The Northwood University Study Abroad Blog

 

War Remnants Museum

For Americans, the name Vietnam invariably conjures up images of one of the most horrific chapters in the history of the U.S. military. We have heard the stories of the vets who returned with post-traumatic stress disorder, without the use of limbs, and oftentimes, in bodybags. The least patriotic among Americans would hope our side is always aligned with the side of morality. In visiting the War Memorial Museum in Ho Chi Minh City, this harsh fact was presented: the line between right and wrong isn’t always clear. War is tragic, and has been since man first learned he could serve his interests through force. This was never more clear to me than when I saw the displays of photographs and re-creations depicting treatment of prisoners during the war. On both sides, there were rules broken, both in violation of any moral code, as well as international law. We were able to witness the collateral damage caused by the American military’s use of Agent Orange. I couldn’t help but wonder if any of the locals I had seen walking the streets with a missing limb or noticeable physical impairment were veterans of the side I hadn’t heard about as much.

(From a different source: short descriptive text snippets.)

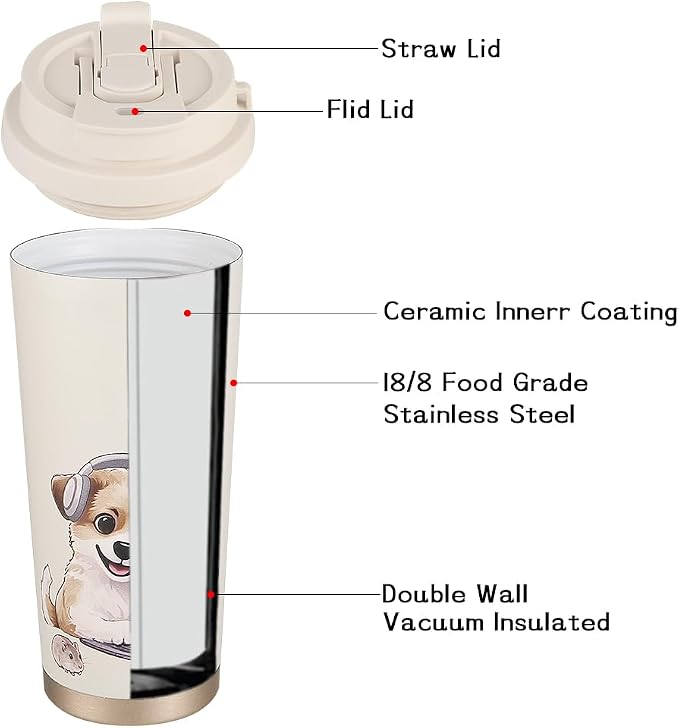 Funkrin Coffee Travel Mug with Flip Lid, 16oz Insulated Tumbler Cup with Ceramic Coating, Double Wall Vacuum Leak-Proof Tumbler for Office School Party Camping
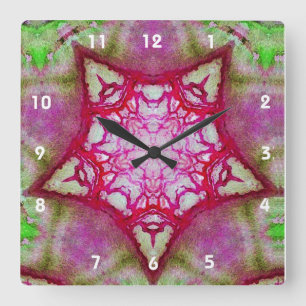HORLOGE CARRÉE ABSTRACT PINK FUCHSIA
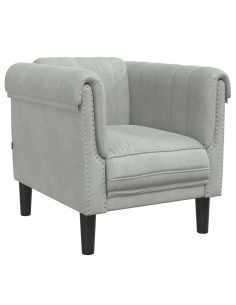 Poltrona Grigio Chiaro in Velluto 2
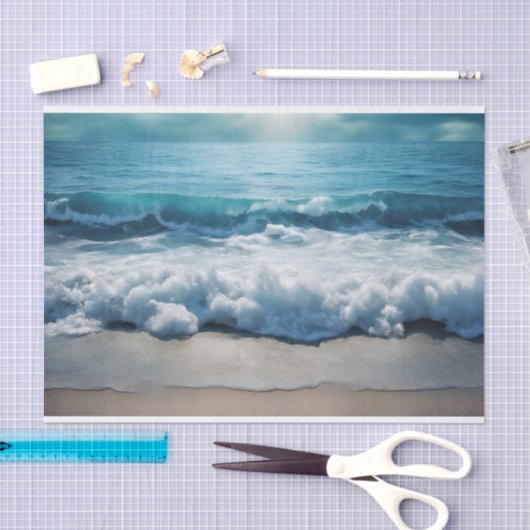 Mooie oceaangolven crashen bij het strand tissuepapier (Craft)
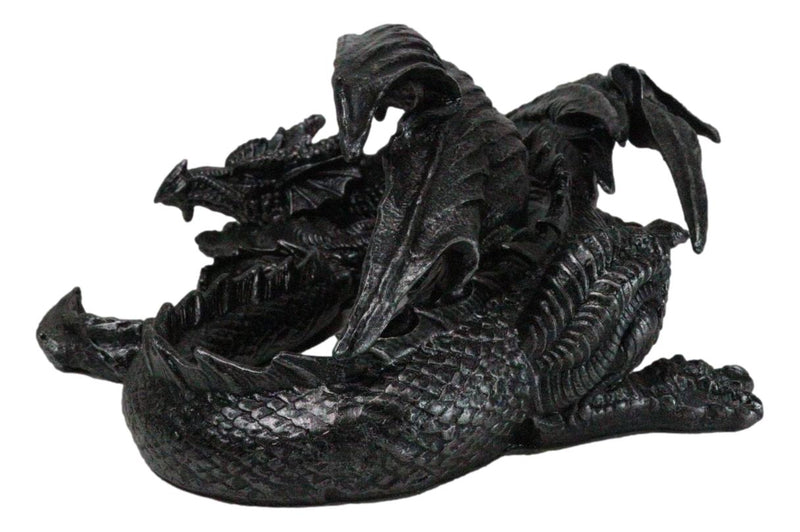 Medieval Fantasy Horned Black Soma Dragon At Repose Collectible Figurine 11"L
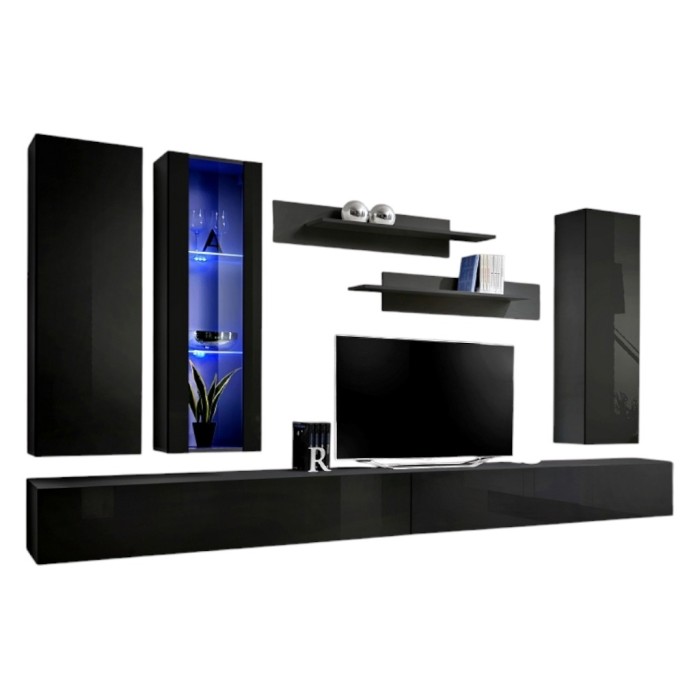 Meuble TV FLY E4 design, coloris noir brillant. Meuble suspendu moderne et tendance pour votre salon.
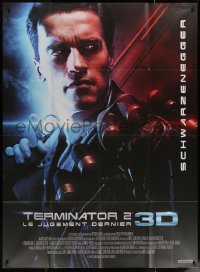 5w1381 TERMINATOR 2 French 1p R2017 great super close up of cyborg Arnold Schwarzenegger, 3-D!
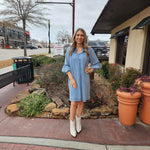 Denim Bell Sleeve Dress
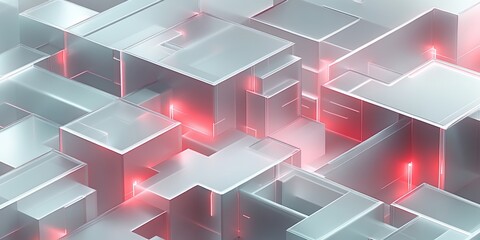 Wall Mural - a sleek, modern representation of multi level labyrinth, material is transparent, matt glass, only i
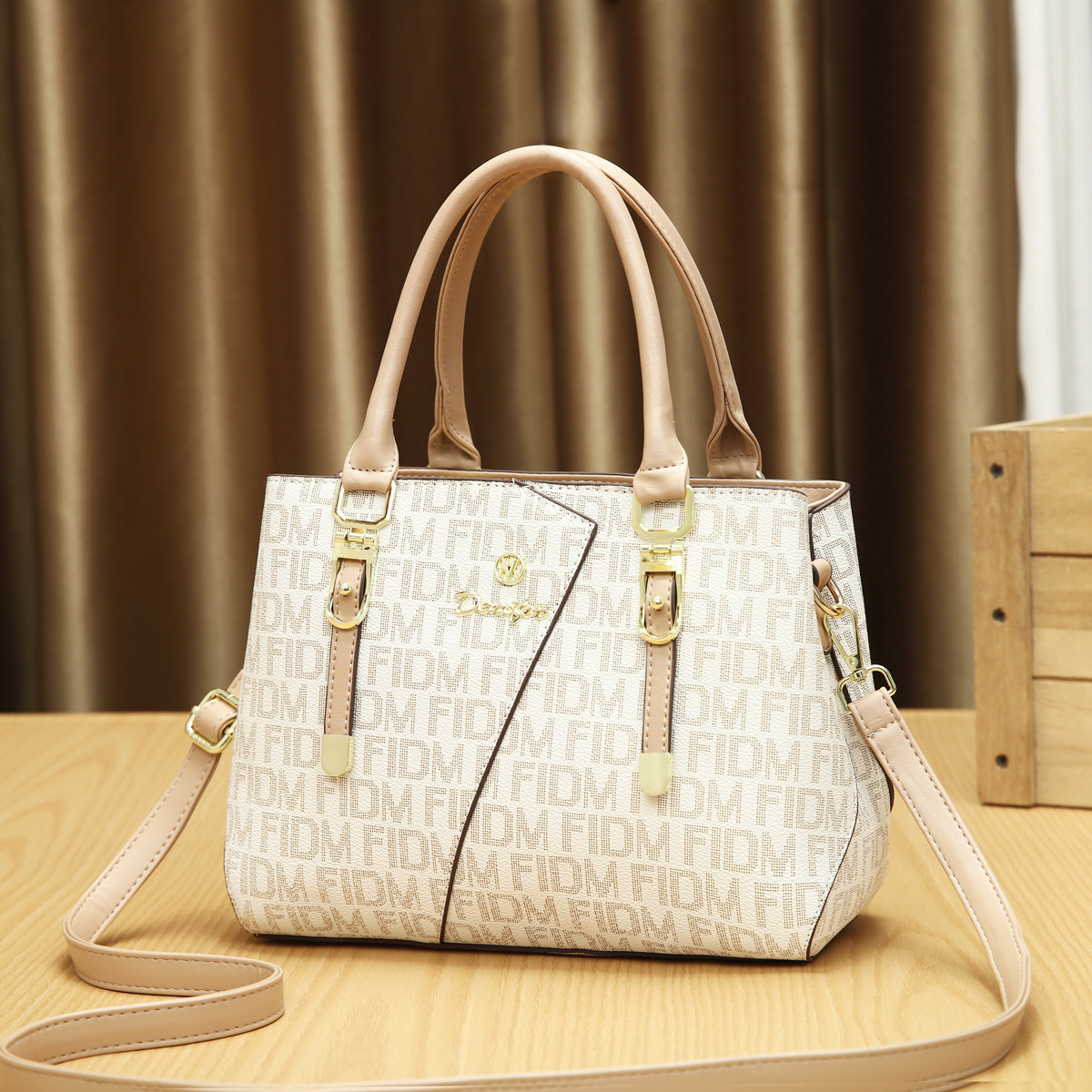 Women’s Dual-Tone Monogram Shoulder Bag – Asymmetric Patterned Leather Satchel with Bag Charm Prime 132 - Image 4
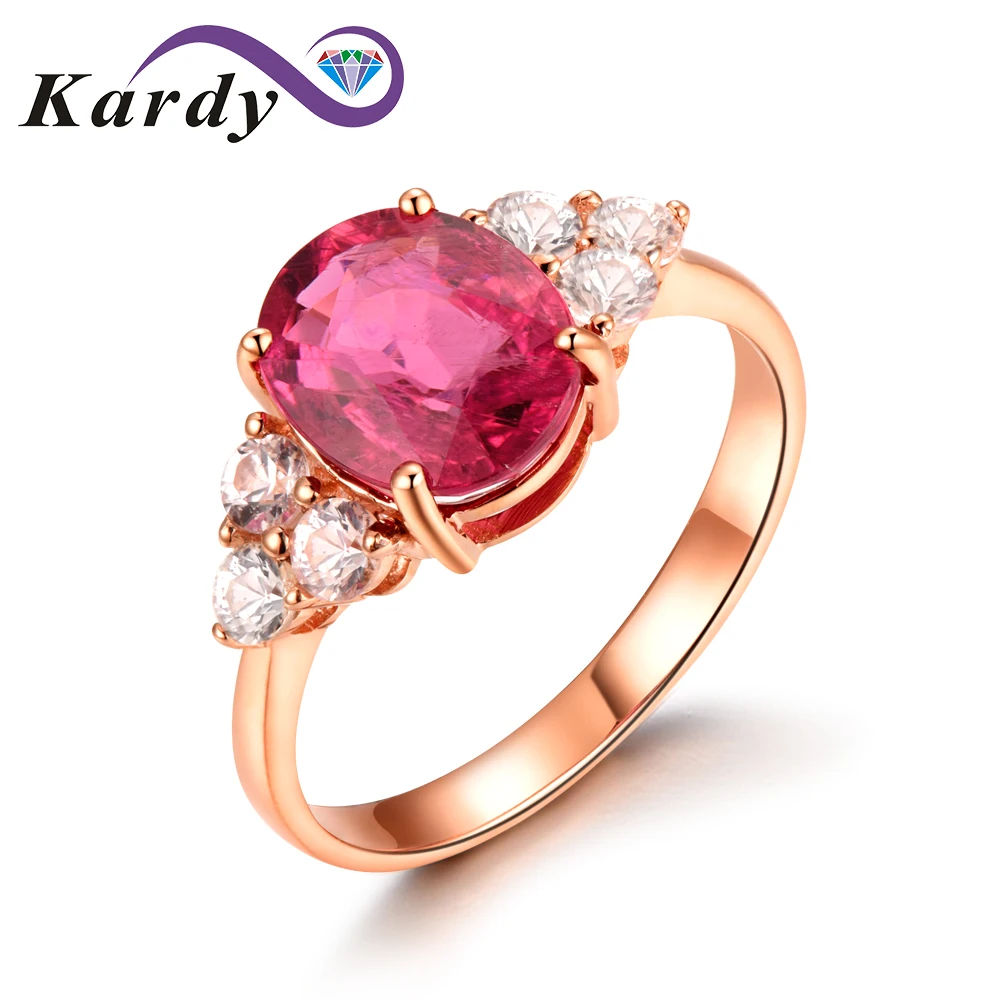 

Gorgeous Promise Gemstone Tourmaline Natural Diamond 14K Rose Gold Women Fashion Ring for Wedding Engagement Set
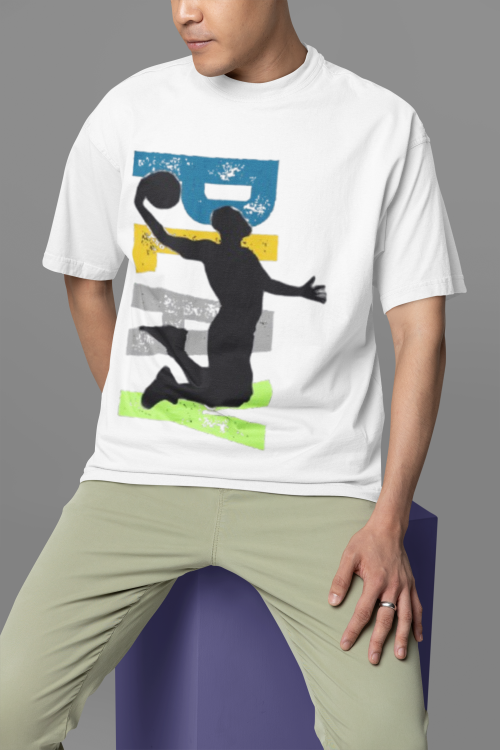 Men white oversized T-shirt with Play basketball graphic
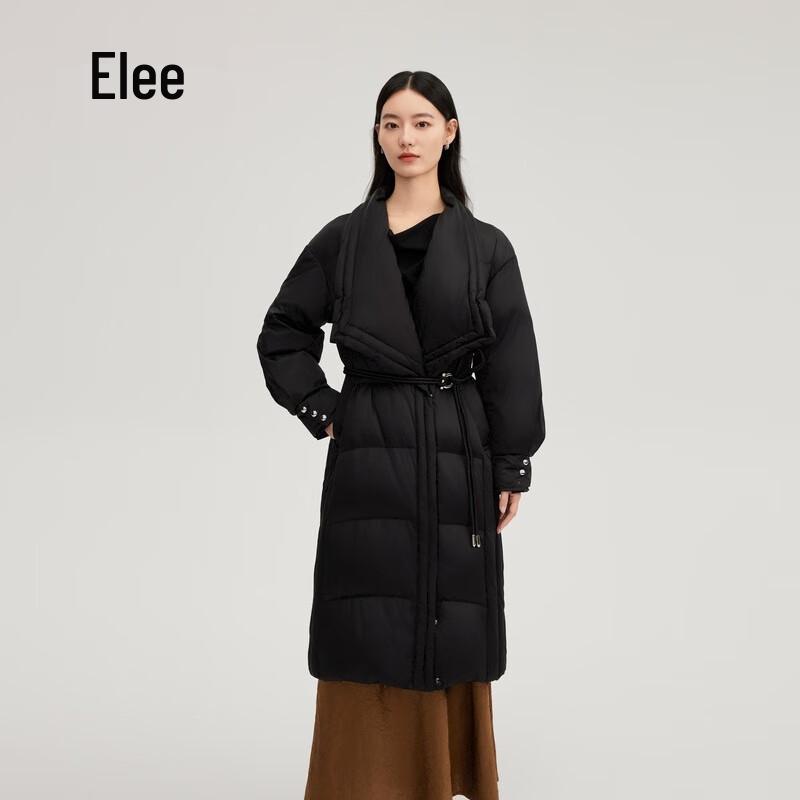 Ailaiyi Women's Elegant Long Lapel Down Jacket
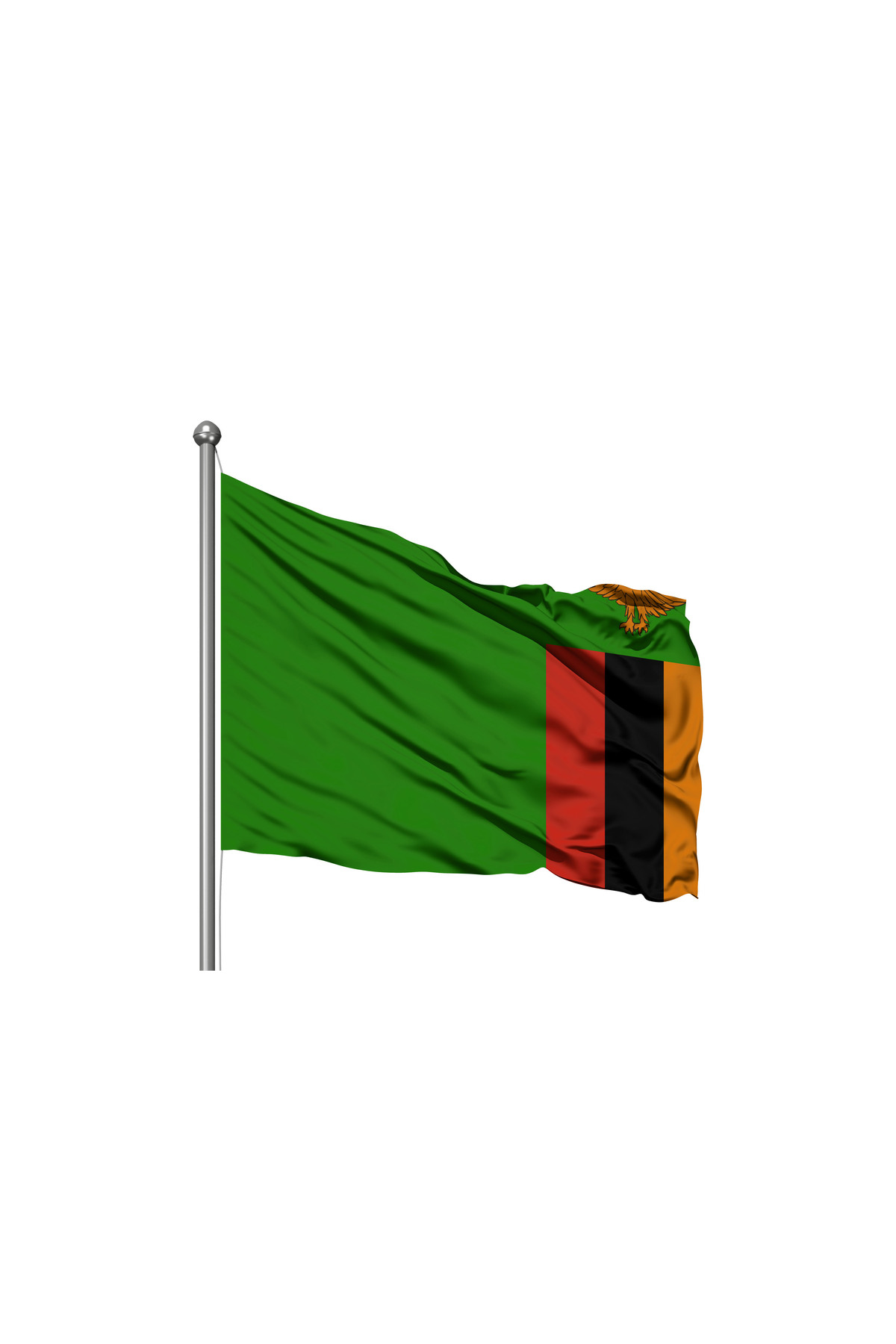 Zambiya Devleti Bayrağı - Premium Raşel Kumaş 70x105cm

We find ourselves today in a blossoming trade partnership with the Vietnamese people, yet haunted by a mutual history that we cannot soon forget, and nor should we. Relationships can recover, between people and entire regions. The key to prevention of the same tragedies are places like the War Memorial Museum. To know the past and whether or not the methods once used were successful is to know which ways can work in the future, and to know how to make this world better and better by never being fully satisfied with the status quo. To never stop improving.